Tuesday, December 28, 2004

Goa- Anjuna and Panjim

(We were here December 5-12). Goa is famous for its beaches, and we couldn't wait to see them! There are so many to choose from, but we chose the city of Anjuna for our first stop. It is known for its nice beaches and has great opportunties for viewing the alternative scence of hippies and ravers.



Sitting alone on the beach is difficult for more than five minutes, as there are quite a few ladies selling pineapple and other fruit. With a big fruit basket balanced on their heads and a large knife swinging in their hands as they move down the beach, they look a bit scary from a distance as they approach. "Hello!

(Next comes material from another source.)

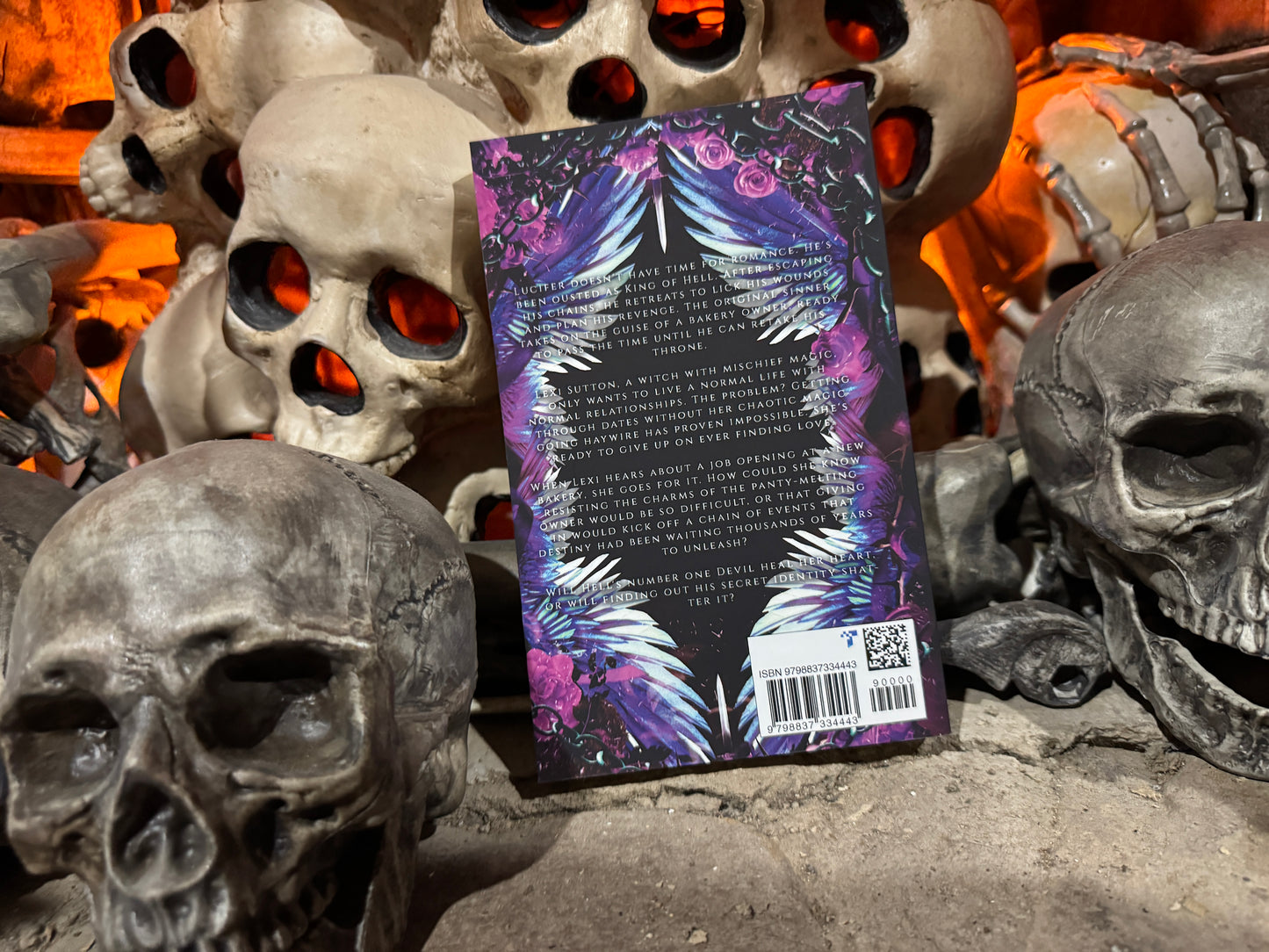 The Devil's Delight: Demons and Demigods Book 1 Paperback Signed by Lainie Anderson and with swag pack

Pineapple? Maybe later?" and they are off down to the next sitting victim. I snuck a picture of a few of them here.



Goan Fruit Sellers



We were also approached by a man claiming to be an ear cleaner. After a cursory glance, he verified that Dean's inner ears were "very dirty!" If Dean ever wanted to be healthy again with such filthy ears, this man would give a free demo and he even had a little book of written recommendations. This technique is billed as a cleansing health experience to help heal the whole body. Hmmmm....



Luckily, Dean passed on the ear business, as we suspected the going rate was around $10 based on the comments book which advised one to negotiate first, while others simply had written "interesting." Dean also had to brush away a back rub demo and a lady who wanted us to "just look" at her shop. "No charge for looking" is a well-known phrase in India.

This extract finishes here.